══ Data to examine ══

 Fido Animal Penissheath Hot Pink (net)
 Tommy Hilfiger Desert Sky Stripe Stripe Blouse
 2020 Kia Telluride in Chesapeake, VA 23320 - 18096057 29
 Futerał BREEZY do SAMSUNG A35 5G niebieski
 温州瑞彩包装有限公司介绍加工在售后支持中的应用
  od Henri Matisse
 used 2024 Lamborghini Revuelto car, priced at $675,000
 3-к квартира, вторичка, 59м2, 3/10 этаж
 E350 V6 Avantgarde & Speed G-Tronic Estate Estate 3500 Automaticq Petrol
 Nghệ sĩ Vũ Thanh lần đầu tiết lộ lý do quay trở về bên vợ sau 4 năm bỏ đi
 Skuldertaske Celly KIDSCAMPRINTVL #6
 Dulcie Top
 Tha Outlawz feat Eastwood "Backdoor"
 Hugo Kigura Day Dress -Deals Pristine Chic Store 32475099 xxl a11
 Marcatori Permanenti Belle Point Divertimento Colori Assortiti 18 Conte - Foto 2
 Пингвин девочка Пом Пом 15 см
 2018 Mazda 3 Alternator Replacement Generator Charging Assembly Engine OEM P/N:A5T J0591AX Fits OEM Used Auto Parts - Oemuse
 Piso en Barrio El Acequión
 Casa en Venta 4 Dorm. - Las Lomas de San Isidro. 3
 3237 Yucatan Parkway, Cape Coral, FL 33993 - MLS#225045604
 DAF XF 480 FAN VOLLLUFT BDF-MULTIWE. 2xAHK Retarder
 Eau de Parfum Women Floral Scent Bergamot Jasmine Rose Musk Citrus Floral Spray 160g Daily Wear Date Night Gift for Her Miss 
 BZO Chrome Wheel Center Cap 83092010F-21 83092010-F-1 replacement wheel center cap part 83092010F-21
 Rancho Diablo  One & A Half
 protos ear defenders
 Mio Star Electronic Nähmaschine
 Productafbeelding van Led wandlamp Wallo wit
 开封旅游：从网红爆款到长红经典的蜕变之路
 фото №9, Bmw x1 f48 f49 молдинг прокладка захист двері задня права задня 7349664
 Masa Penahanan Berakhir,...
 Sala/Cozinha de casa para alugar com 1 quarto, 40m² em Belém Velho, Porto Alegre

═══

**Your task**
The exact lines of the material above starting at the one that contains "E350 V6 Avantgarde" and ending at the one that contains "Casa en Venta" are what to retype; leave out everything else.

**Finished task**
 E350 V6 Avantgarde & Speed G-Tronic Estate Estate 3500 Automaticq Petrol
 Nghệ sĩ Vũ Thanh lần đầu tiết lộ lý do quay trở về bên vợ sau 4 năm bỏ đi
 Skuldertaske Celly KIDSCAMPRINTVL #6
 Dulcie Top
 Tha Outlawz feat Eastwood "Backdoor"
 Hugo Kigura Day Dress -Deals Pristine Chic Store 32475099 xxl a11
 Marcatori Permanenti Belle Point Divertimento Colori Assortiti 18 Conte - Foto 2
 Пингвин девочка Пом Пом 15 см
 2018 Mazda 3 Alternator Replacement Generator Charging Assembly Engine OEM P/N:A5T J0591AX Fits OEM Used Auto Parts - Oemuse
 Piso en Barrio El Acequión
 Casa en Venta 4 Dorm. - Las Lomas de San Isidro. 3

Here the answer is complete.